Employee Ownership as a Growth Strategy for SME Sized Studios
- Howard Mann

- Jul 8
- 3 min read
Growth can be a double-edged sword for SME sized design firms. On one hand, you're ready to scale. On the other, you're fiercely protective of your culture, values, and identity. External investors, mergers, or hierarchical expansion often come with compromise.
But what if growth could be built from the inside out?

Employee Ownership Trusts (EOTs) aren’t just a succession solution. For architectural and design studios, they’re proving to be a strategic framework for sustainable, people-powered growth. In this article, we explore how EOTs are enabling studios to scale while keeping creativity, continuity, and culture firmly intact.
Ownership Mindset Drives Productivity and Innovation
When people feel ownership, they act like owners.
In growing studios, keeping teams aligned and proactive can be a challenge. EOTs make every employee a beneficiary of success, instilling a sense of shared responsibility that leads to smarter thinking, bolder ideas, and higher standards.
Under this model, staff don’t just deliver—they lead improvements, anticipate client needs, and innovate from within.

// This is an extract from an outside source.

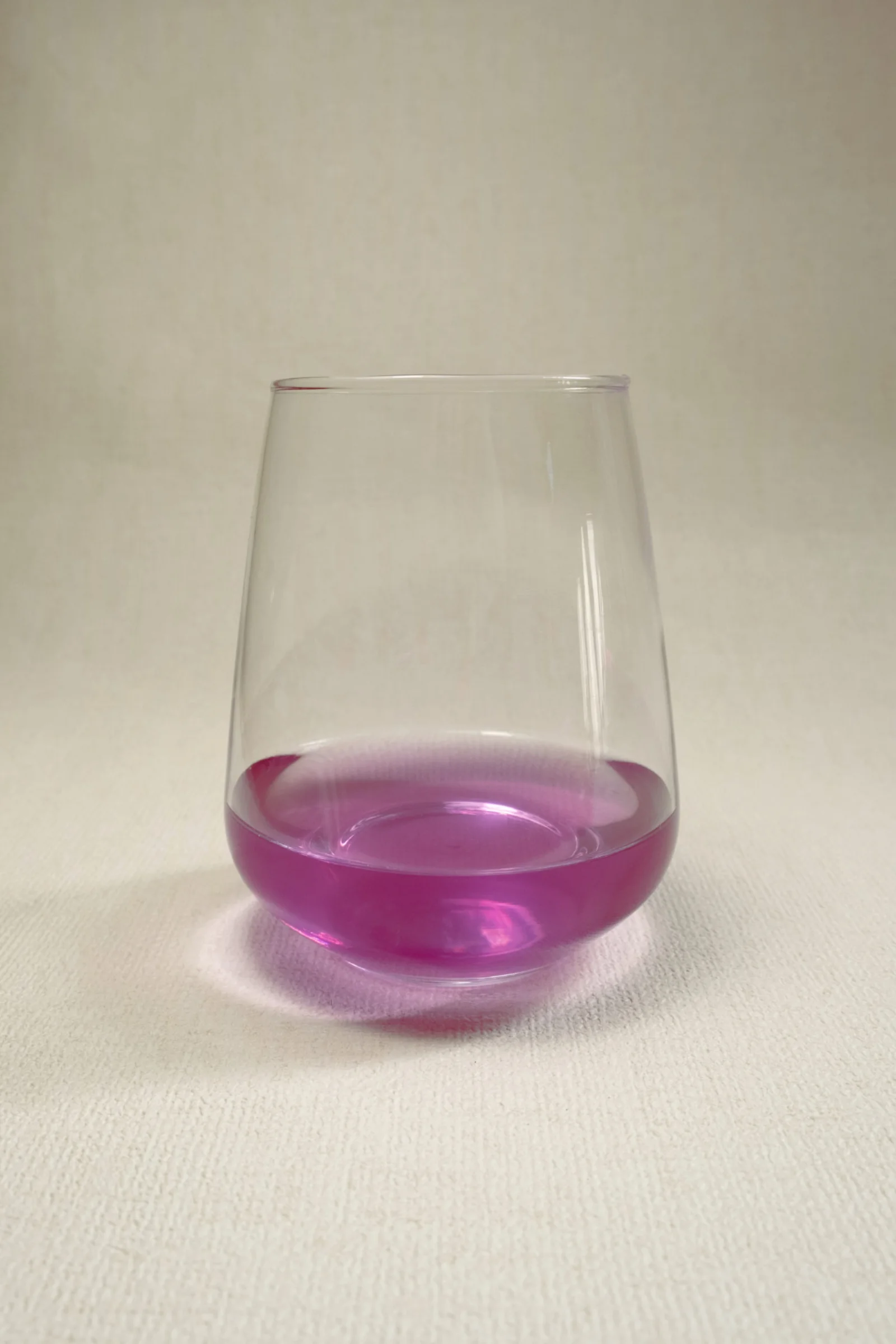 Vivid purple-pink ube extract in a clear glass, the natural anthocyanin colour that artificial ube flavouring imitates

Example Implementation Strategy:
Identify 2–3 key inefficiencies in your project delivery or design workflow.
Create a task force of employees and ask: “If you were an owner, how would you fix this?”
Case Study:
HLM Architects leveraged employee ownership to drive continuous improvement across design teams, directly contributing to their ability to grow in public sector and education work. (HLM source)
Takeaway:
EOTs transform culture from compliance to contribution.

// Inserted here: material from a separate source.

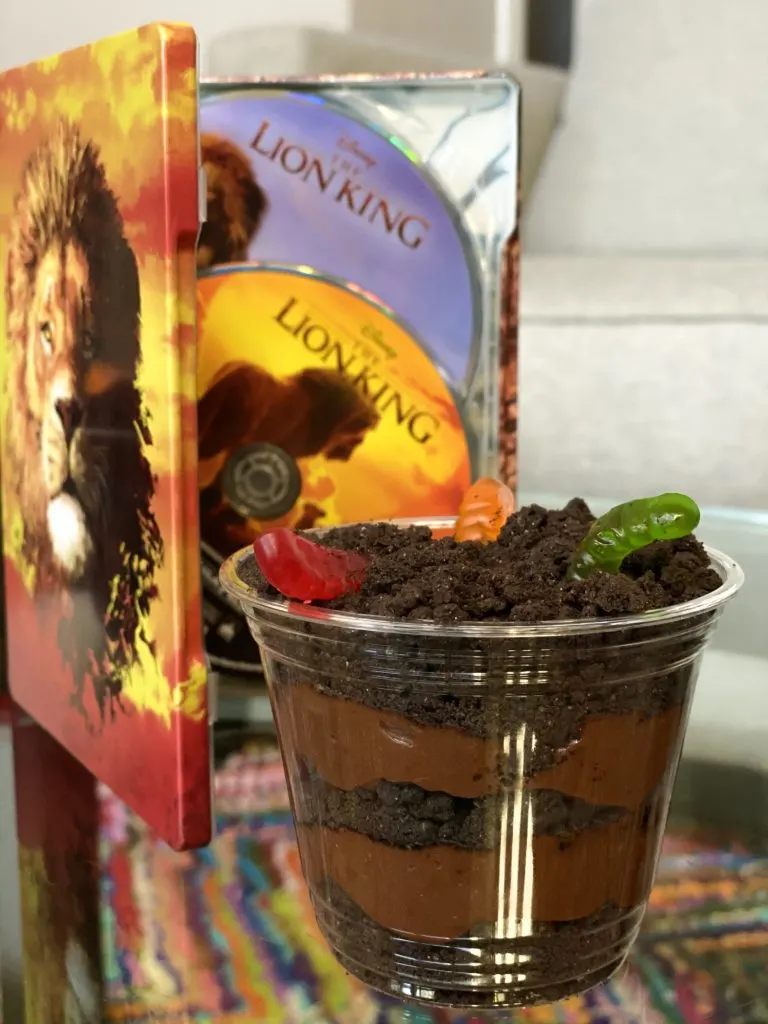 Oreo Pudding Cups with The Lion King movie in front of with colorful rug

You Can Scale Without Building More Hierarchy
Growth doesn’t have to mean top-heavy leadership.
Many studios hit a wall trying to retain rising stars. Traditional responses—more promotions, inflated titles—create rigid hierarchies that don’t always reflect real value. EOTs offer an alternative: reward people with a financial stake and governance voice instead of empty promotions.
It’s a career progression model that aligns with modern studio values—flat, fair, and focused on impact.
Exercise for Studio Leaders:
Plot your org chart today and 2 years from now.
Ask: “Where can shared ownership replace hierarchy as a reward mechanism?”
Case Study:
Assael Architecture credits their EOT transition with improving employee retention and allowing them to reward project-level excellence without unnecessary structural complexity. (Assael source)
Takeaway:
You can grow your practice without growing your bureaucracy.
Employee Ownership Enhances Recruitment and Reputation
Being employee-owned is a magnet for purpose-led clients and top talent.
As you scale, your brand story matters more. Studios that are employee-owned stand out—for all the right reasons. You're not just designing buildings; you're building a company your people co-own.
It’s a compelling message to clients who care about ethics and continuity—and to prospective hires who want more than just a salary.
Example Implementation Strategy:
Add “We are 100% employee-owned” to your website footer, bids, and social profiles.
Monitor impact on applicant volume and client conversion rate over 6 months.
Case Study:
Make Architects experienced increased inbound talent interest and stronger alignment with values-driven clients after moving to employee ownership. (Make source)
Takeaway:
Employee ownership is not just good governance—it’s great marketing.
EOT Governance Makes Growth Sustainable
Shared ownership creates a structure for long-term thinking—not short-term exits.
Scaling can bring pressure—on cash, culture, and continuity. EOTs support strategic expansion because they prioritise the health of the business and its people. Trustees oversee decisions with employee interests at heart, keeping your practice rooted in its founding values as it evolves.
From opening a new office to launching new services, EOT governance offers clarity, transparency, and checks on mission drift.
Example Implementation Strategy:
Involve your employee reps in planning your next growth initiative.
Use a trustee forum to stress-test how growth aligns with your studio’s purpose.
Case Study:
Stride Treglown expanded across the UK under their EOT model, using the trust’s governance structure to maintain studio autonomy while aligning growth with employee benefit. (Stride source)
Takeaway:
EOTs make growth a shared project—not a personal exit.
Understanding It in Practice: A Studio on the Rise
Case Study: Studio XYZ (Fictionalised Composite)
A practice specialising in urban regeneration adopted an EOT structure to solve a series of emerging challenges:
Two founding directors planning partial exits
A rise in staff turnover
Increased competition for tenders from large, corporate firms
After transitioning to an EOT, they:
Retained 100% independence while giving employees financial participation
Introduced quarterly town halls where trustees and reps shared decisions and updates
Saw a 40% increase in applicant interest and won two major civic tenders citing ownership model as a factor
Their transition wasn’t about leaving—it was about growing on their own terms.
Rethink What Growth Can Look Like
If you’re a studio looking to scale—without selling out or selling short—employee ownership offers a growth path that matches your values. It's not about stepping away. It’s about stepping up as a collective.
The tools, structure, and mindset are all there. You just need the right blueprint.